The book is written in chapters that are broken up with a subheadings which make for a rapid read. Each story, or point has it’s own subheading and I found myself wanting continue reading to follow Phil’s next adventure. Phil was an English major and show’s considerable talent as a writer, is an excellent writer, witty, funny, and informative.
In many ways Phil’s book is the Anti-cycling biography. On the first page he dedicates it to Tyler Hamilton’s lost twin and Lance Armstrong’s missing testicle. He slams riders like Hamilton for doping then writing tell all books about it to cash in a second time. This feels a bit off putting to me, yes Gaimon didn’t dope so he’s in a reasonable position to pass judgement on those who did, yet I think telling the truth as many former dopers have done has changed the sport and should be welcomed. Some former dopers like those on his Garmin team are offered a pass, he writes about this possible hypocrisy which I appreciated.
I’ve said in the past that what I’m really looking for in cycling books is behind the scenes details, I can read race reports and publicity reports online, what I’m looking for is the juicy stuff.
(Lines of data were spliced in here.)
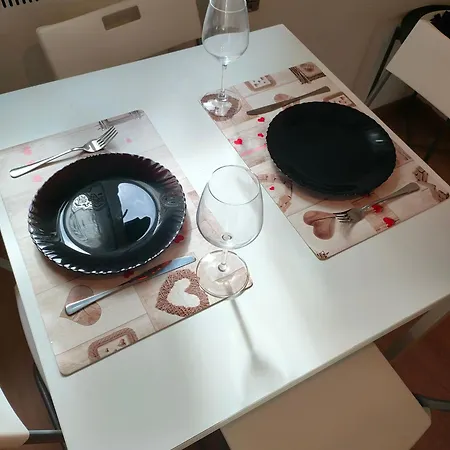 Alloggio A 2 Passi Dal Centro Forlì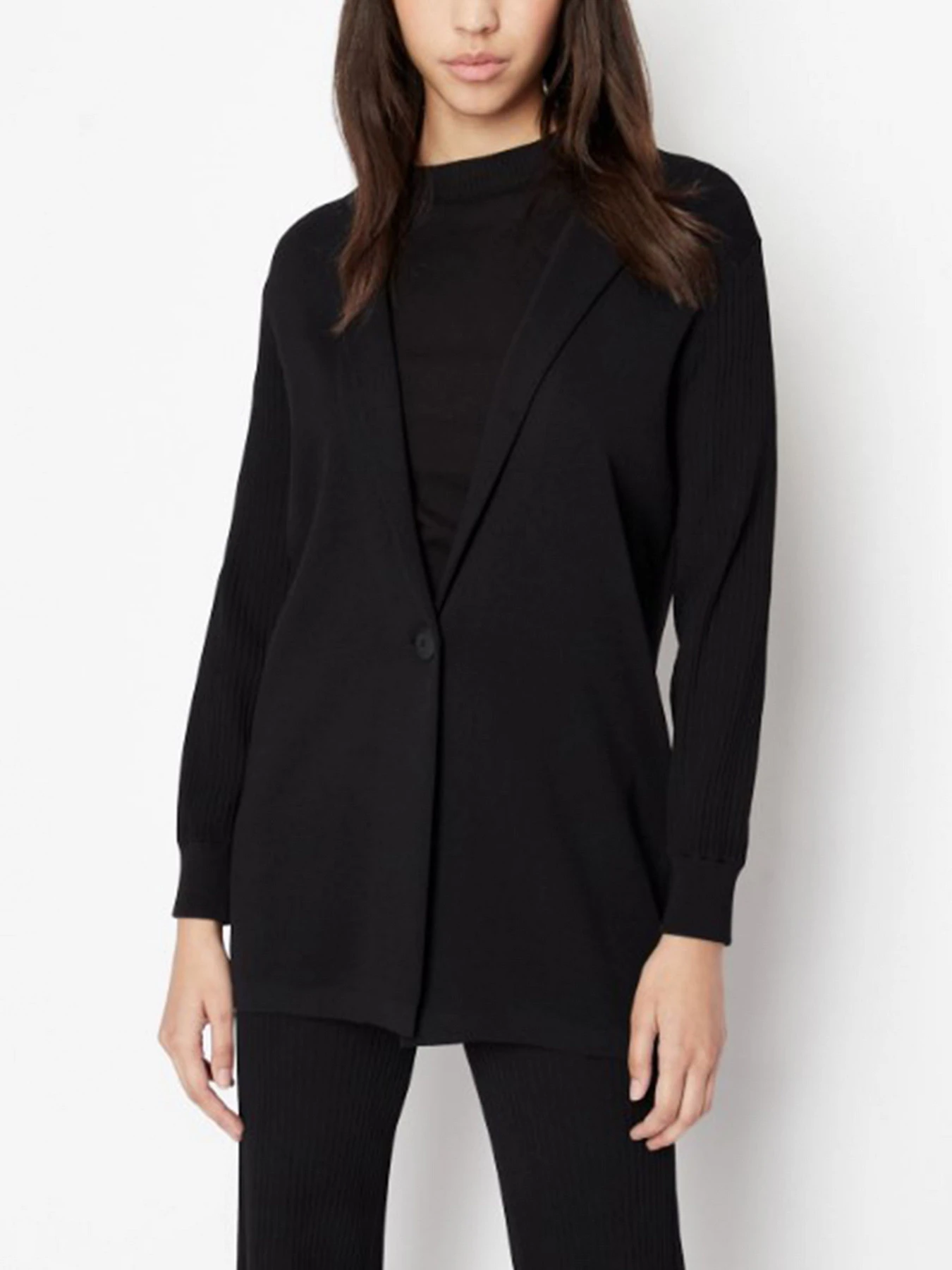 Худи и свитшоты Armani Exchange модель 6LYM1C-YMP8Z-1200 Худи и свитшоты Armani Exchange модель 6LYM1C-YMP8Z-1200 Фото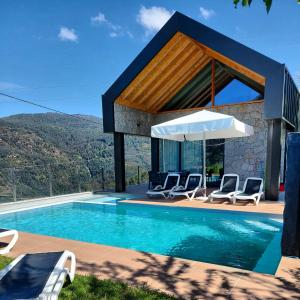 Casas do Bau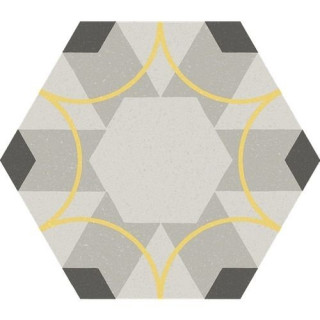 Marca Corona Paprica P2 colore 25x21,6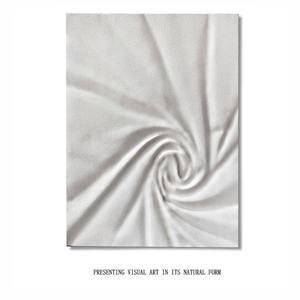 Pintura Abstracta Personalizada Estilo Wabi Sabi, Arte Mural para Hotel, Textura 3D Hecha a Mano, Pintura Abstracta Moderna en Lienzo Grande para el Hogar - Product Image 4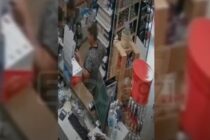 Διδυμότειχο: Έκλεψαν είδη από φαρμακείο, τα επέστρεψαν γιατί κατάλαβαν ότι το “έπιασε” η κάμερα ασφαλείας!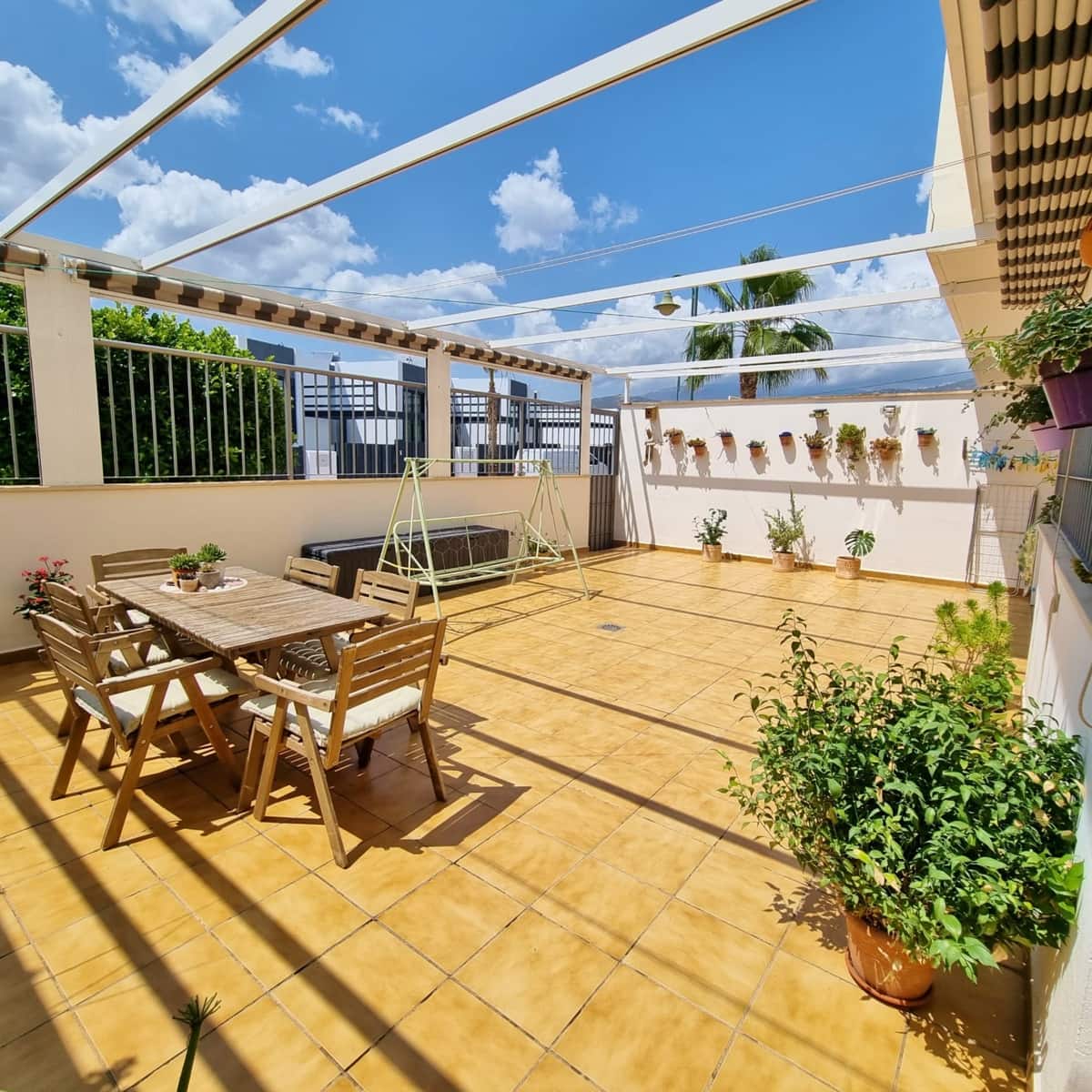 Apartamento de 3 habitaciones en Caleta de Vélez en venta con piscina - 415.000 € (Ref: 10007951)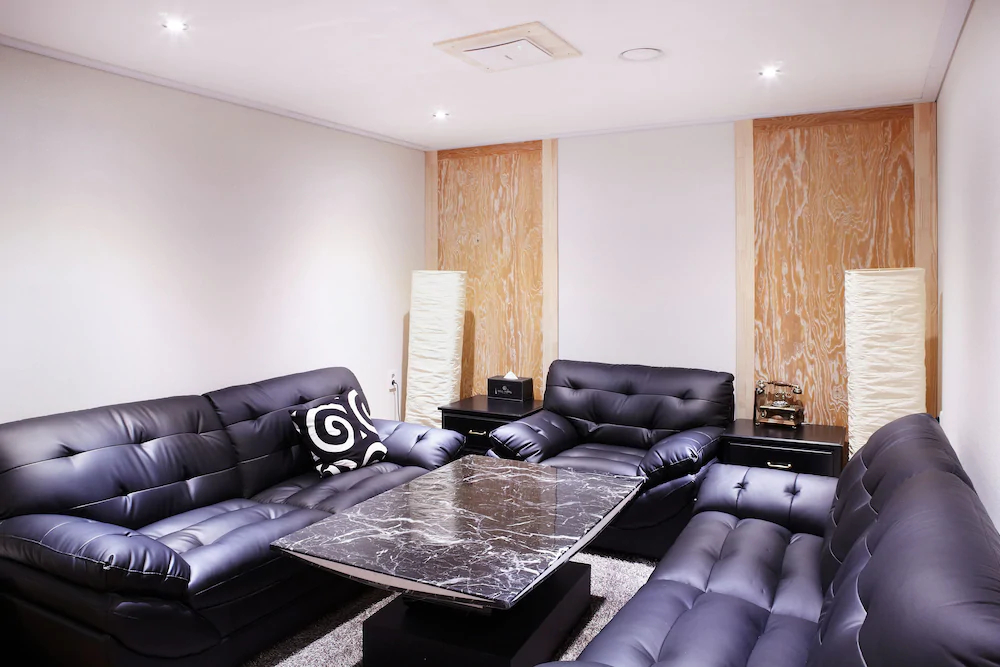 Simjak Hotel Dongtan By Aank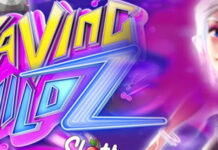An Extra $75 on Deposits Over $25 at Slots Capital Casino Raving Wildz Slot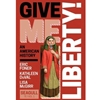 GIVE ME LIBERTY *SEAGULL VOL 1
Gaimon doesn’t disapoint. In fact there were several times where I had to reread a section just to make sure I wasn’t dreaming. There are is so much backroom, back of the bus, back of the race, information here that I couldn’t believe it was published.
Gaimon’s book won’t be for everyone, and especially those that are put off by his colorful language. For example, one passage I highlighted goes, “I heard she was so doped up she had a beard on her penis.” This refers to being a few seconds slower then the woman’s record held by Genevieve Jeansn on the Mount Washing hill climb Profanity is sprinkled about liberally, and while it doesn’t bother me, I don’t feel like it really adds much to the conversation. Throwing in the occasional F-bomb to emphasize a point, or as a matter of reporting events is effective, using it too often just feels a bit juvenile to me, but what do I know? I’m no English major.
Ultimately “Pro Cycling on Ten Dollars a Day” is an astounding success. Gaimon’s thesis is ultimately proven time and time again. Those willing to continue through the hard times and deal with inherent unfairness of pro cycling will find success in the most beautiful sport.